◆ Exercise aim:
In the records that follow, find each line with "Edition" and pull it out.

◆ Records to use:
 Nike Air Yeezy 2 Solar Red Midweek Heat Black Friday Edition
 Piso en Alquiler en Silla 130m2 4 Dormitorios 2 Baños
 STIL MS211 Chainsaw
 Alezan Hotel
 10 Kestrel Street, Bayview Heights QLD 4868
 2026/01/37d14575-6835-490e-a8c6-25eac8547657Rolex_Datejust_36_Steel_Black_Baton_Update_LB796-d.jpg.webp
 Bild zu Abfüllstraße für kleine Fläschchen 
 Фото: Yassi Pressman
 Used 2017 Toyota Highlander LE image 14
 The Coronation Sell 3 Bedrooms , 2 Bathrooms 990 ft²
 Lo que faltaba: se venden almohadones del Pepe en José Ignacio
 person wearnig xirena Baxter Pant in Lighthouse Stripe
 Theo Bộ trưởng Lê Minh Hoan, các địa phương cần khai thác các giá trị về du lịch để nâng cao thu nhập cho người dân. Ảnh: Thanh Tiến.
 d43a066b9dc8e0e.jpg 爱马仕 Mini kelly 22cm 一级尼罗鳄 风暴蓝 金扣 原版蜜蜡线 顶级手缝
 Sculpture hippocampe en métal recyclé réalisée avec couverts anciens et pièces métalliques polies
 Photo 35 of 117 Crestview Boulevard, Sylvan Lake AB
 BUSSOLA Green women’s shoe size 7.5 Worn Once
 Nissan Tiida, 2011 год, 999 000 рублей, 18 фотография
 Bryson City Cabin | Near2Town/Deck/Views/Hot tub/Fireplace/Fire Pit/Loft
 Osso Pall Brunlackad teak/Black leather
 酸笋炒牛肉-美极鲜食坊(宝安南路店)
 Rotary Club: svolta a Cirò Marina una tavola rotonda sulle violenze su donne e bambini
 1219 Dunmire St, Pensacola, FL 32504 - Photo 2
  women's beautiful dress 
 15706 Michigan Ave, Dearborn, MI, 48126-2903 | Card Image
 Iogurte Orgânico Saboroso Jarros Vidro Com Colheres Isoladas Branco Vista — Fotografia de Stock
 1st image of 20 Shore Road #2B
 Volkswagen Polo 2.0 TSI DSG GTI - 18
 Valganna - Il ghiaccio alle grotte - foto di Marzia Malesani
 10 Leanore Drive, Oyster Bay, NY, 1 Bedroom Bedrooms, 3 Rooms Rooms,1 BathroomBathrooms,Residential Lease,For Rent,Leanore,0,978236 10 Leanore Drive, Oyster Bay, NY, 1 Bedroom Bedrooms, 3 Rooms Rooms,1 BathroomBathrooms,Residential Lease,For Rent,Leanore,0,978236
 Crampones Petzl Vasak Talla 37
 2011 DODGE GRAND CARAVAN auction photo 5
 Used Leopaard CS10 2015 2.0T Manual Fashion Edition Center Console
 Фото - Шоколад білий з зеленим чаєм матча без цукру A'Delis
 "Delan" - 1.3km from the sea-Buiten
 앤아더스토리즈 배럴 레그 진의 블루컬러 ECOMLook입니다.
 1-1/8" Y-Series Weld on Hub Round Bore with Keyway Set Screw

◆ Task answer:
 Nike Air Yeezy 2 Solar Red Midweek Heat Black Friday Edition
 Used Leopaard CS10 2015 2.0T Manual Fashion Edition Center Console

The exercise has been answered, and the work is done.